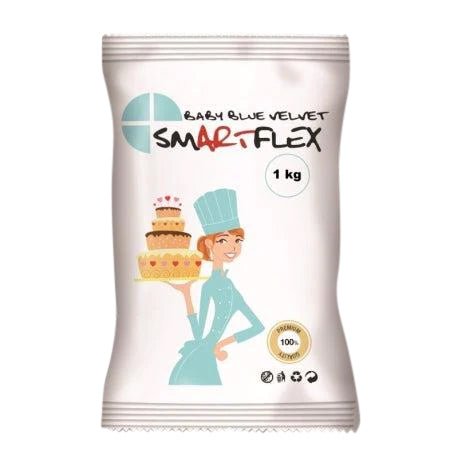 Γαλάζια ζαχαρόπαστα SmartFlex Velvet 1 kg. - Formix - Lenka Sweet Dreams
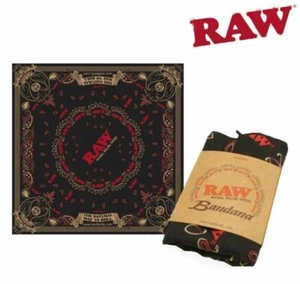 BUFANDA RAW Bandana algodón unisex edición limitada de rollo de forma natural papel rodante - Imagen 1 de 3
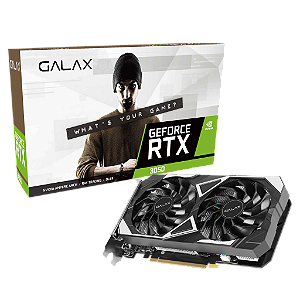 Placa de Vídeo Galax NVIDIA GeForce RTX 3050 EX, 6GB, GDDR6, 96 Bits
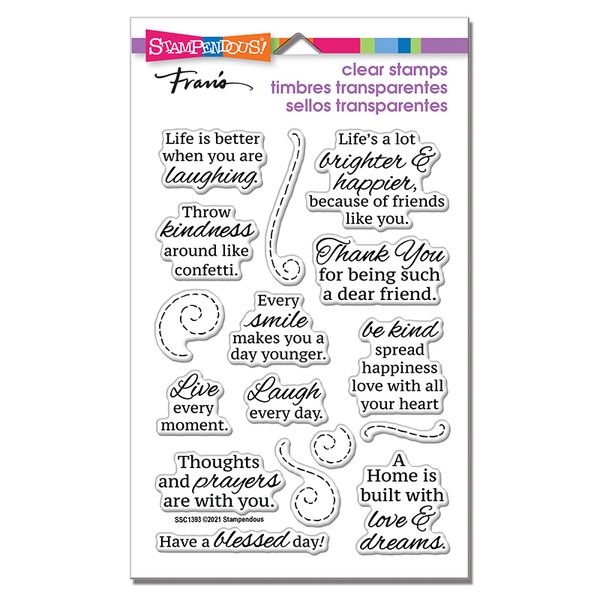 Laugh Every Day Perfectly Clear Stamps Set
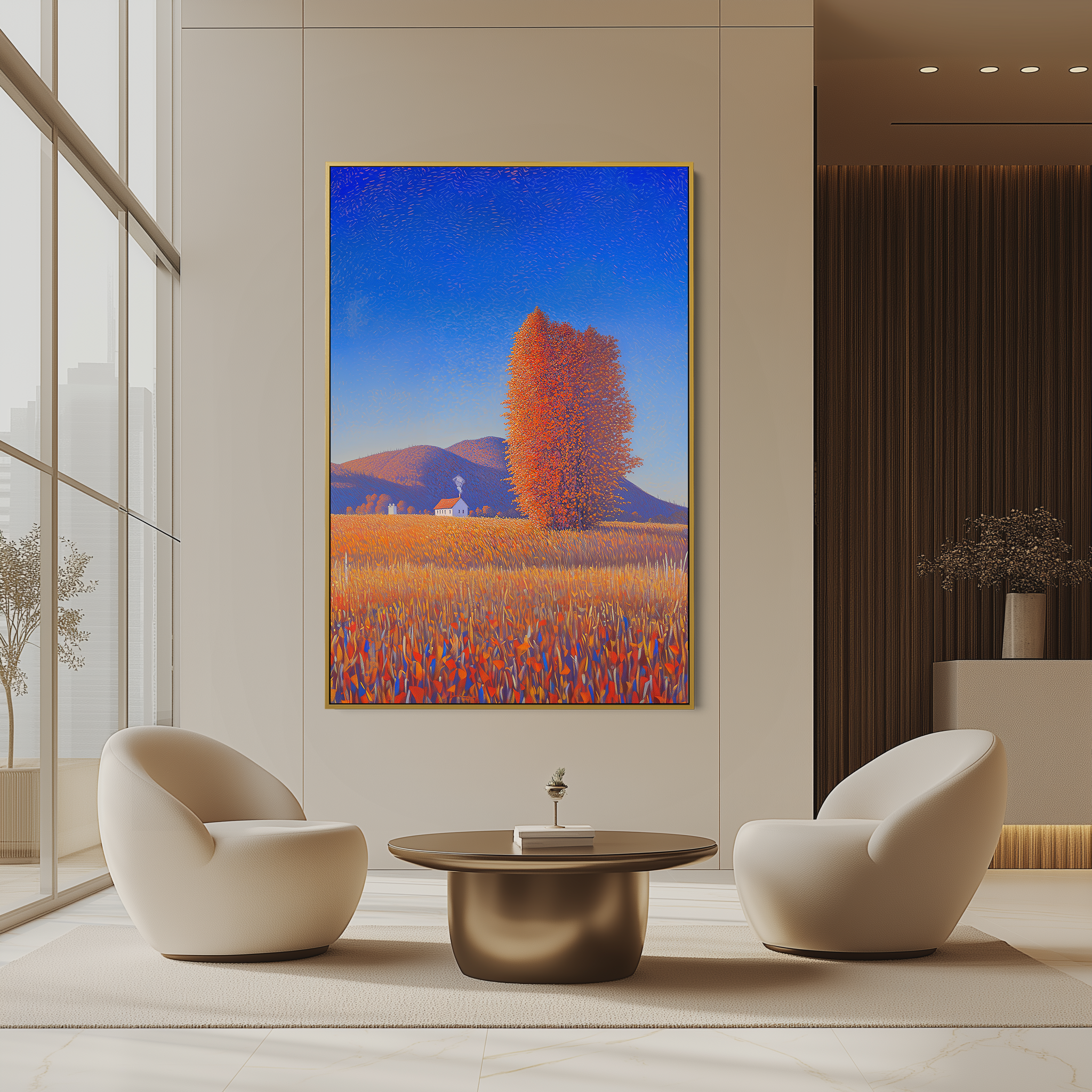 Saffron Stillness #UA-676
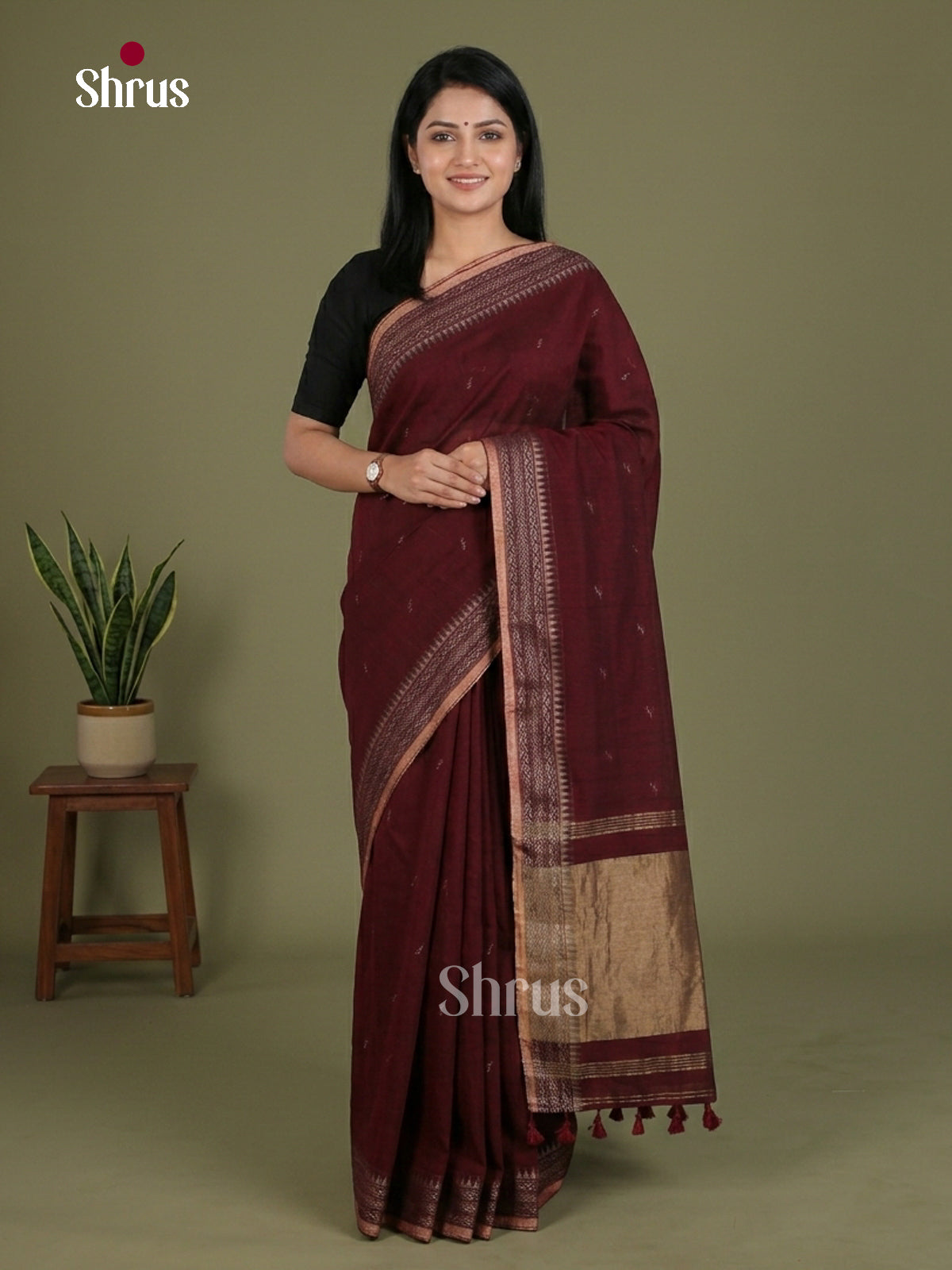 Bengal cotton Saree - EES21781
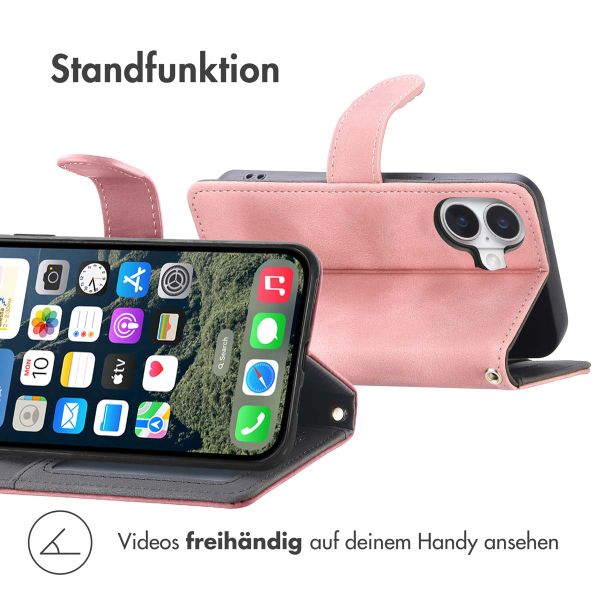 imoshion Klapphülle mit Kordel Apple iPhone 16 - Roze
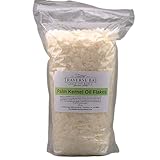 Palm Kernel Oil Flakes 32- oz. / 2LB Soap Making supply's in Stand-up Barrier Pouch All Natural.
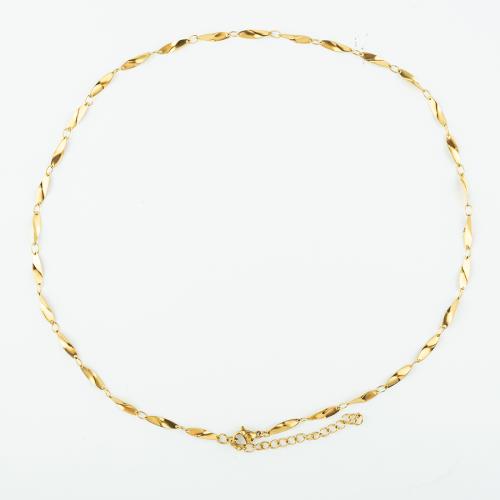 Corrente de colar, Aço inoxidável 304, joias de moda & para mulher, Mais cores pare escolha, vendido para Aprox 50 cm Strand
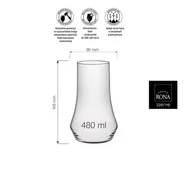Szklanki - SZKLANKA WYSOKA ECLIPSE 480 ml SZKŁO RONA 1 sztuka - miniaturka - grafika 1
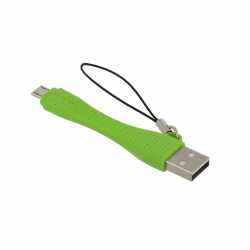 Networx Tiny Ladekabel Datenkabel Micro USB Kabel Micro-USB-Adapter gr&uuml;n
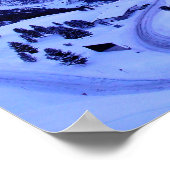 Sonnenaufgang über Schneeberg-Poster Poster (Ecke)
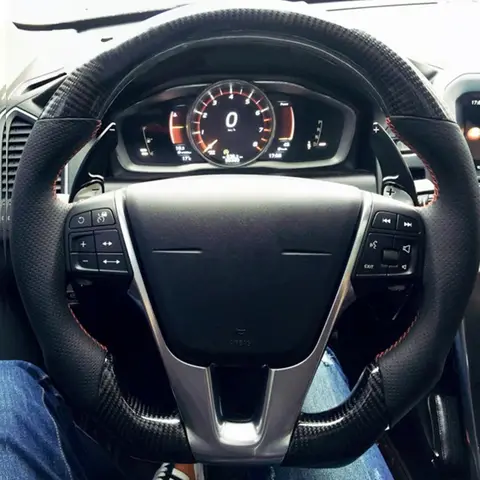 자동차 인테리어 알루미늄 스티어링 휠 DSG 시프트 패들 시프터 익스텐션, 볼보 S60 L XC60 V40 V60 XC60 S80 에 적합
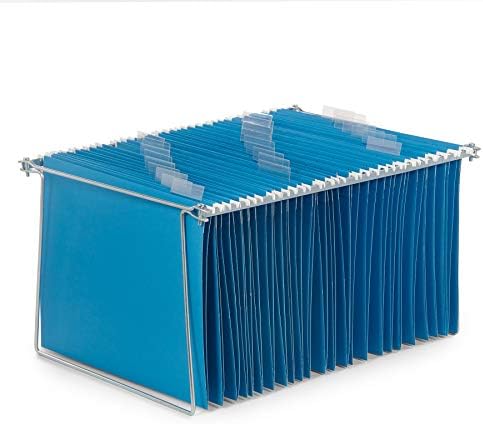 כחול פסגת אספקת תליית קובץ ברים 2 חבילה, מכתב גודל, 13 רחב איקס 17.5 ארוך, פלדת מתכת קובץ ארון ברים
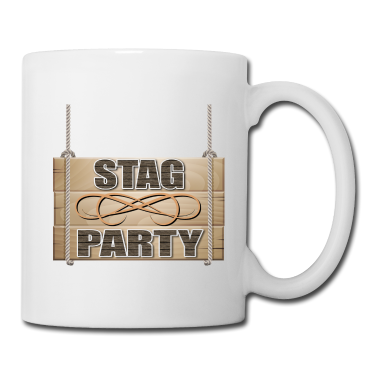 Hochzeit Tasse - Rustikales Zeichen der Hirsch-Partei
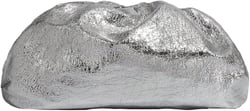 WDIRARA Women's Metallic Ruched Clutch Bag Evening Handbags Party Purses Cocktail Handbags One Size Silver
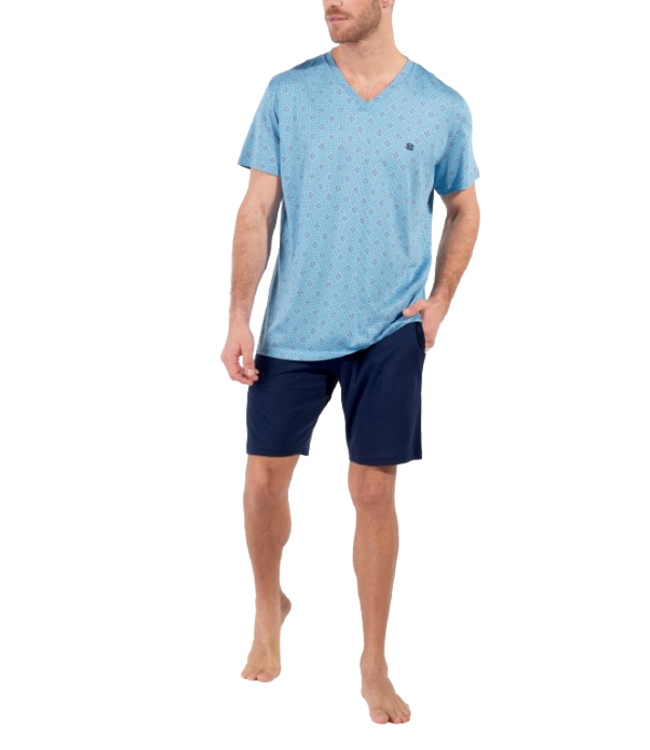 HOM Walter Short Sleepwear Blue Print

● ● ● ● ●

* [AIM OF THE TASK]: Reproduce exactly the lines above starting at the line containing "Saffron Stillness #UA-676" and ending at the line containing "Palm Kernel Oil", including both, but not the pictures.

* [TASK RESPONSE]:
 Saffron Stillness #UA-676
 Bengal cotton Saree - EES21781
 imoshion Klapphülle mit Kordel Apple iPhone 16 - Roze
 Palm Kernel Oil Flakes 32- oz. / 2LB Soap Making supply's in Stand-up Barrier Pouch All Natural.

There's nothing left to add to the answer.